Opening weekend, Avengers: Age of Ultron. The theater was predictably packed, but me and my two fellow movie patrons got decent seats so my judgement of the movie wasn’t prejudiced by a shitty viewing experience.
Okay, so how was it? As I write, the movie is sitting at over $600M global box office, but is that ever a real judge of quality? In most cases, never. I’ll be completely honest, I didn’t love it it, never came close.
It IS entertaining, but throughout the movie I didn’t really feel engaged. It’s kind of like how I felt once Act 3 of the first Avengers movie came around and Whedon went full videogame mode, jettisoning story in favour of what became a fairly routine fly-and-shoot finale. To me that’s a lazy way to end a movie. It’s like when you don’t have anything to add, or when you run out of ideas, you just throw wave upon wave of faceless identical bad guys at our heroes. And unfortunately, Whedon does it again in Age of Ultron. In the first movie, it was flying sled riding extra-dimensional aliens, here, it’s just even more generic flying robots. I was disappointed that Whedon went in this direction.
But I was mostly disappointed overall. The movie has some charm, it has some nice little character moments, but the little moments seem perfunctory, as if Whedon was looking at a playbook and deciding to drop in a downtime scene here and there, in between action-oriented moments, (of which there are many). The rest of the story is a real hodgepodge of set pieces, none of which really add up to a solid movie for me. The Hulk v Iron Man “Hulkbuster” suit was the best of them, but it felt REALLY tacked on, like Whedon felt there needed to be a Hulk v Iron Man fight and contrived a plot around it. The origin of Ultron is laughably bad, I think. If you saw the muddled mess of the climactic “battle” of Ang Lee’s mostly-wretched Hulk movie, you’ll be dismayed. Even Ultron himself is unengaging. The CGI is uninteresting, and again, the writing by Whedon is poor. What Ultron is, is simply James Spader the way he is in The Blacklist, all quips and hinted menace, but lacking real substance. When revealed, his master plan made my head spin – “What? That’s IT?” It’s extremely weak.
What saves the movie from being a lackluster, generic affair is the humour, of which there is – like the action scenes – a lot. And I know some hardcore comic readers might get turned off by it, but I enjoyed most of it. Thor comes off as having the most comedic role, and I liked that.
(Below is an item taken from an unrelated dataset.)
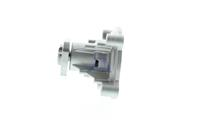 Помпа водяная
I’ll go and see it one more time with the wife, whose own viewing experience in Iowa wasn’t so great, but it’ll only make me enjoy it less. For the first time around, it only registers 3.0/5.0 on the Hope-o-Meter. One more thing – to confirm, there is NO post credits sequence (we stayed until the credits rolled), and the small sequence within the end credits is crap.